I number this CFJ 4085. I assign it to ais523.
Gratuitous: This is trivially TRUE. Names have no legal meaning in
Agora, and plenty of case-law covers synonymous names. CFJ 4033, 3225
(implicitly), 3467. Nothing stops anyone from referring to anybody by
any name or referent, as long as it's clear. Only reason I didn't assign
to myself was to follow the arbitor's requirement to give "reasonably
equal opportunities to judge".
Some other potential precedents to consider...
3497, though it considered a hypothetical
3355, 3190, and 3168, on the grounds that no actual ambiguity had occurred in
any of those cases
At least some of those were judged when the rules more thoroughly regulated
nicknames, so presumably 4085 would apply an even less strict standard.

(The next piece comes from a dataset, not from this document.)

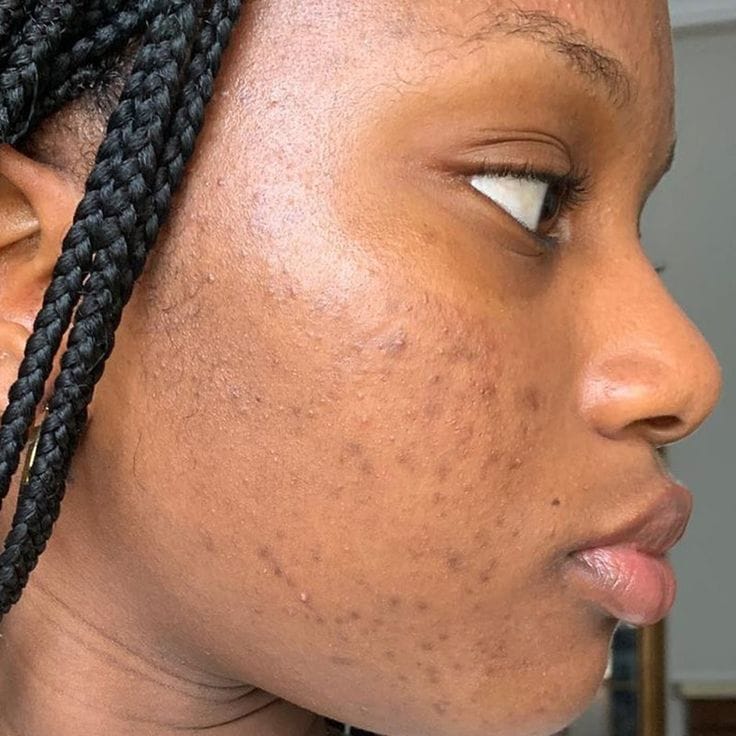 Hyperpigmentation/Dark Spots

1361 possibly comes down on the other side (see the end of Judge Steve's arguments). However, can anyone
provide an actual example where there's a substantive ambiguity between "apathy (the player)" and
"apathy (the win mechanism)"? If I say something like "I declare apathy the winner of the
election for Grand Panjandrum" that falls well short of rule 1728's requirements (clear, explicit,
without obfuscation...) for tabling the action of winning by apathy.
Also, wow, from searching the judicial archives, I'll just say there's a long
track record of Agorans doing things like this. There's a nonzero chance I end
up writing a thesis cataloging some of the more amusing ones.